▶ [RECORDS SHOWN]
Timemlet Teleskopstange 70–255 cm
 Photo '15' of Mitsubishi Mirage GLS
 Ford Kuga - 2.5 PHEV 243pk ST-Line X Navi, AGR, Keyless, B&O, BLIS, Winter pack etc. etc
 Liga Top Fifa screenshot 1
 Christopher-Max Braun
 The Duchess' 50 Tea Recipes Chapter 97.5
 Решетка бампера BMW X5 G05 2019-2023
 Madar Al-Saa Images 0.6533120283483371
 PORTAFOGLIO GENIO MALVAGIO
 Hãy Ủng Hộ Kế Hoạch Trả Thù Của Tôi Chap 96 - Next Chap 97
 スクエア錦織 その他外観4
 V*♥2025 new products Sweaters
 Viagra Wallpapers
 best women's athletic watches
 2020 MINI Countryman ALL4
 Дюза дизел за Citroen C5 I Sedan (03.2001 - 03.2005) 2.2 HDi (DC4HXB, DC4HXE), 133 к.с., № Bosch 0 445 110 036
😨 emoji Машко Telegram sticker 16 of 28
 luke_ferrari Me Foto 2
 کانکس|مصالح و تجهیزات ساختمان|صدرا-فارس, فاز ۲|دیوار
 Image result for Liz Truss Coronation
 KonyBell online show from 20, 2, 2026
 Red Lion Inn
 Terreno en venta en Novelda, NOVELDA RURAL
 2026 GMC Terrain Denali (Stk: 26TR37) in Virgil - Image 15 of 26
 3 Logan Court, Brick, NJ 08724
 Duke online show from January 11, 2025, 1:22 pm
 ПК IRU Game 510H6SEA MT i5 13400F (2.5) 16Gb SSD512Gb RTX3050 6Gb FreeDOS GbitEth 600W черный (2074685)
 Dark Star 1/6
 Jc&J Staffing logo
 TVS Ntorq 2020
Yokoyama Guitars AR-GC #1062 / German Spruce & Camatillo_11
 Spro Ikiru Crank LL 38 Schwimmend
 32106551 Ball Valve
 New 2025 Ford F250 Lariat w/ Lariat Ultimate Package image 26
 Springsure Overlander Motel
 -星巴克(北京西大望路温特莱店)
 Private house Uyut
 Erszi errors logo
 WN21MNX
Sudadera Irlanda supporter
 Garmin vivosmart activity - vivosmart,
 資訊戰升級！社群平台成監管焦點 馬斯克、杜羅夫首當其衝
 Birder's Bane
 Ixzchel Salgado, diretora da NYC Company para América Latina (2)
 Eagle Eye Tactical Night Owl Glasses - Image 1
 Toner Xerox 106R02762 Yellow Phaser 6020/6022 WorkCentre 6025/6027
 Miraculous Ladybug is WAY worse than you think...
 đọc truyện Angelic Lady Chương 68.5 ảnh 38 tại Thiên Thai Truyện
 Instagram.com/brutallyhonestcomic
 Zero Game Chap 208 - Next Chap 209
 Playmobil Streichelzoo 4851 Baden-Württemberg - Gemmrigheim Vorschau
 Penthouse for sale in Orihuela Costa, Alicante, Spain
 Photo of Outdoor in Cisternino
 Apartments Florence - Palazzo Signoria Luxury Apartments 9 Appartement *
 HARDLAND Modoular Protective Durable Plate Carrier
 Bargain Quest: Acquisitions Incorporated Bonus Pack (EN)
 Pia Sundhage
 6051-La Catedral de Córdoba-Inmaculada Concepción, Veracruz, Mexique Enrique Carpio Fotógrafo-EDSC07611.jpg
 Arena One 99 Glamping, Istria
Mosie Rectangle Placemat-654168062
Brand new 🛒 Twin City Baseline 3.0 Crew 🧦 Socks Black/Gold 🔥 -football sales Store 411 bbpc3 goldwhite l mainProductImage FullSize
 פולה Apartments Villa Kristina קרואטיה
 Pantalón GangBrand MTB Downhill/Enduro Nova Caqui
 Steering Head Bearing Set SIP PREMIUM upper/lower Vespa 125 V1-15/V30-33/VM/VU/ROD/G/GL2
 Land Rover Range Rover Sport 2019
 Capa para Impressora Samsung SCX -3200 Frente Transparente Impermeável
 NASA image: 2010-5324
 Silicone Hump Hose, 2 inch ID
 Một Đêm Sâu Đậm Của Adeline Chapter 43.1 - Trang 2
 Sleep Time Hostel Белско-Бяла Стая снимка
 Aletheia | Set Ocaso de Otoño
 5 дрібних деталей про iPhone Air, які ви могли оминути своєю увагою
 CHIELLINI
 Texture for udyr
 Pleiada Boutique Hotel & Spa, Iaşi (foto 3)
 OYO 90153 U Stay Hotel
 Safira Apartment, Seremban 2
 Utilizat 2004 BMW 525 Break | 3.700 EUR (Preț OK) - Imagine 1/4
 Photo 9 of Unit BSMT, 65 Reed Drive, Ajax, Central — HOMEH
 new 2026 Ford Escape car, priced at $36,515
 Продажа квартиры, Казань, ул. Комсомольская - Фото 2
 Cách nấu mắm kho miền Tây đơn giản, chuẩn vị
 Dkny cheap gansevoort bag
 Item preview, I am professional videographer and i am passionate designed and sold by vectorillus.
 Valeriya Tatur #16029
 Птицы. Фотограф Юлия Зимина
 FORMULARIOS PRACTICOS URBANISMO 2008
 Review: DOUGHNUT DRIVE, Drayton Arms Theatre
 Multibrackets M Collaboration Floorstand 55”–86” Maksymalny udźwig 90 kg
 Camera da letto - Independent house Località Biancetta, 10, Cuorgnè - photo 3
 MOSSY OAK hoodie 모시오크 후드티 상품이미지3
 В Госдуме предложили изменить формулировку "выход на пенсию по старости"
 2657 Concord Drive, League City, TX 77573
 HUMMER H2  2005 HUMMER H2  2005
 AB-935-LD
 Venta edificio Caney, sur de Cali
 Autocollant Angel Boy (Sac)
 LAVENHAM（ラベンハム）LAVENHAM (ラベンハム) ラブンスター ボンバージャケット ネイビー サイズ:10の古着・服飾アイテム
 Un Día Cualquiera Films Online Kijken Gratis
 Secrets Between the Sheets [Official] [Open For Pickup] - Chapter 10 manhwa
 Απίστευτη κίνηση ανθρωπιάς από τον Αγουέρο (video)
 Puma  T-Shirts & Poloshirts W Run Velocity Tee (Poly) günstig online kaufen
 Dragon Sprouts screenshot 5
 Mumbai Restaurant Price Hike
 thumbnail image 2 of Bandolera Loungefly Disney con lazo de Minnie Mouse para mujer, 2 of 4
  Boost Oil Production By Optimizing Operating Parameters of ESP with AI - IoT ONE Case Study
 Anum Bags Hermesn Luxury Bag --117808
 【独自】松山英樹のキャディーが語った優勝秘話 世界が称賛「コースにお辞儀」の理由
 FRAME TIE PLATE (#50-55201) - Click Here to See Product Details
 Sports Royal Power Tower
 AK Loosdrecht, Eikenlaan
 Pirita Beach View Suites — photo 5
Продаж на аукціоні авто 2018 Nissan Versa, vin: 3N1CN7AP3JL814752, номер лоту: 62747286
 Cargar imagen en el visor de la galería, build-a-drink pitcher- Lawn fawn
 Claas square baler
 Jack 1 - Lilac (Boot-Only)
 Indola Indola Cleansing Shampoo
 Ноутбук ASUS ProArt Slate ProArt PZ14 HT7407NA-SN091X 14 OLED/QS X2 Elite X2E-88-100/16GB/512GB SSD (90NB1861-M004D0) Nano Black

▶ [TASK] Give every entry back exactly as it was written above.

▶ [SOLUTION TO THIS TASK]
Timemlet Teleskopstange 70–255 cm
 Photo '15' of Mitsubishi Mirage GLS
 Ford Kuga - 2.5 PHEV 243pk ST-Line X Navi, AGR, Keyless, B&O, BLIS, Winter pack etc. etc
 Liga Top Fifa screenshot 1
 Christopher-Max Braun
 The Duchess' 50 Tea Recipes Chapter 97.5
 Решетка бампера BMW X5 G05 2019-2023
 Madar Al-Saa Images 0.6533120283483371
 PORTAFOGLIO GENIO MALVAGIO
 Hãy Ủng Hộ Kế Hoạch Trả Thù Của Tôi Chap 96 - Next Chap 97
 スクエア錦織 その他外観4
 V*♥2025 new products Sweaters
 Viagra Wallpapers
 best women's athletic watches
 2020 MINI Countryman ALL4
 Дюза дизел за Citroen C5 I Sedan (03.2001 - 03.2005) 2.2 HDi (DC4HXB, DC4HXE), 133 к.с., № Bosch 0 445 110 036
😨 emoji Машко Telegram sticker 16 of 28
 luke_ferrari Me Foto 2
 کانکس|مصالح و تجهیزات ساختمان|صدرا-فارس, فاز ۲|دیوار
 Image result for Liz Truss Coronation
 KonyBell online show from 20, 2, 2026
 Red Lion Inn
 Terreno en venta en Novelda, NOVELDA RURAL
 2026 GMC Terrain Denali (Stk: 26TR37) in Virgil - Image 15 of 26
 3 Logan Court, Brick, NJ 08724
 Duke online show from January 11, 2025, 1:22 pm
 ПК IRU Game 510H6SEA MT i5 13400F (2.5) 16Gb SSD512Gb RTX3050 6Gb FreeDOS GbitEth 600W черный (2074685)
 Dark Star 1/6
 Jc&J Staffing logo
 TVS Ntorq 2020
Yokoyama Guitars AR-GC #1062 / German Spruce & Camatillo_11
 Spro Ikiru Crank LL 38 Schwimmend
 32106551 Ball Valve
 New 2025 Ford F250 Lariat w/ Lariat Ultimate Package image 26
 Springsure Overlander Motel
 -星巴克(北京西大望路温特莱店)
 Private house Uyut
 Erszi errors logo
 WN21MNX
Sudadera Irlanda supporter
 Garmin vivosmart activity - vivosmart,
 資訊戰升級！社群平台成監管焦點 馬斯克、杜羅夫首當其衝
 Birder's Bane
 Ixzchel Salgado, diretora da NYC Company para América Latina (2)
 Eagle Eye Tactical Night Owl Glasses - Image 1
 Toner Xerox 106R02762 Yellow Phaser 6020/6022 WorkCentre 6025/6027
 Miraculous Ladybug is WAY worse than you think...
 đọc truyện Angelic Lady Chương 68.5 ảnh 38 tại Thiên Thai Truyện
 Instagram.com/brutallyhonestcomic
 Zero Game Chap 208 - Next Chap 209
 Playmobil Streichelzoo 4851 Baden-Württemberg - Gemmrigheim Vorschau
 Penthouse for sale in Orihuela Costa, Alicante, Spain
 Photo of Outdoor in Cisternino
 Apartments Florence - Palazzo Signoria Luxury Apartments 9 Appartement *
 HARDLAND Modoular Protective Durable Plate Carrier
 Bargain Quest: Acquisitions Incorporated Bonus Pack (EN)
 Pia Sundhage
 6051-La Catedral de Córdoba-Inmaculada Concepción, Veracruz, Mexique Enrique Carpio Fotógrafo-EDSC07611.jpg
 Arena One 99 Glamping, Istria
Mosie Rectangle Placemat-654168062
Brand new 🛒 Twin City Baseline 3.0 Crew 🧦 Socks Black/Gold 🔥 -football sales Store 411 bbpc3 goldwhite l mainProductImage FullSize
 פולה Apartments Villa Kristina קרואטיה
 Pantalón GangBrand MTB Downhill/Enduro Nova Caqui
 Steering Head Bearing Set SIP PREMIUM upper/lower Vespa 125 V1-15/V30-33/VM/VU/ROD/G/GL2
 Land Rover Range Rover Sport 2019
 Capa para Impressora Samsung SCX -3200 Frente Transparente Impermeável
 NASA image: 2010-5324
 Silicone Hump Hose, 2 inch ID
 Một Đêm Sâu Đậm Của Adeline Chapter 43.1 - Trang 2
 Sleep Time Hostel Белско-Бяла Стая снимка
 Aletheia | Set Ocaso de Otoño
 5 дрібних деталей про iPhone Air, які ви могли оминути своєю увагою
 CHIELLINI
 Texture for udyr
 Pleiada Boutique Hotel & Spa, Iaşi (foto 3)
 OYO 90153 U Stay Hotel
 Safira Apartment, Seremban 2
 Utilizat 2004 BMW 525 Break | 3.700 EUR (Preț OK) - Imagine 1/4
 Photo 9 of Unit BSMT, 65 Reed Drive, Ajax, Central — HOMEH
 new 2026 Ford Escape car, priced at $36,515
 Продажа квартиры, Казань, ул. Комсомольская - Фото 2
 Cách nấu mắm kho miền Tây đơn giản, chuẩn vị
 Dkny cheap gansevoort bag
 Item preview, I am professional videographer and i am passionate designed and sold by vectorillus.
 Valeriya Tatur #16029
 Птицы. Фотограф Юлия Зимина
 FORMULARIOS PRACTICOS URBANISMO 2008
 Review: DOUGHNUT DRIVE, Drayton Arms Theatre
 Multibrackets M Collaboration Floorstand 55”–86” Maksymalny udźwig 90 kg
 Camera da letto - Independent house Località Biancetta, 10, Cuorgnè - photo 3
 MOSSY OAK hoodie 모시오크 후드티 상품이미지3
 В Госдуме предложили изменить формулировку "выход на пенсию по старости"
 2657 Concord Drive, League City, TX 77573
 HUMMER H2  2005 HUMMER H2  2005
 AB-935-LD
 Venta edificio Caney, sur de Cali
 Autocollant Angel Boy (Sac)
 LAVENHAM（ラベンハム）LAVENHAM (ラベンハム) ラブンスター ボンバージャケット ネイビー サイズ:10の古着・服飾アイテム
 Un Día Cualquiera Films Online Kijken Gratis
 Secrets Between the Sheets [Official] [Open For Pickup] - Chapter 10 manhwa
 Απίστευτη κίνηση ανθρωπιάς από τον Αγουέρο (video)
 Puma  T-Shirts & Poloshirts W Run Velocity Tee (Poly) günstig online kaufen
 Dragon Sprouts screenshot 5
 Mumbai Restaurant Price Hike
 thumbnail image 2 of Bandolera Loungefly Disney con lazo de Minnie Mouse para mujer, 2 of 4
  Boost Oil Production By Optimizing Operating Parameters of ESP with AI - IoT ONE Case Study
 Anum Bags Hermesn Luxury Bag --117808
 【独自】松山英樹のキャディーが語った優勝秘話 世界が称賛「コースにお辞儀」の理由
 FRAME TIE PLATE (#50-55201) - Click Here to See Product Details
 Sports Royal Power Tower
 AK Loosdrecht, Eikenlaan
 Pirita Beach View Suites — photo 5
Продаж на аукціоні авто 2018 Nissan Versa, vin: 3N1CN7AP3JL814752, номер лоту: 62747286
 Cargar imagen en el visor de la galería, build-a-drink pitcher- Lawn fawn
 Claas square baler
 Jack 1 - Lilac (Boot-Only)
 Indola Indola Cleansing Shampoo
 Ноутбук ASUS ProArt Slate ProArt PZ14 HT7407NA-SN091X 14 OLED/QS X2 Elite X2E-88-100/16GB/512GB SSD (90NB1861-M004D0) Nano Black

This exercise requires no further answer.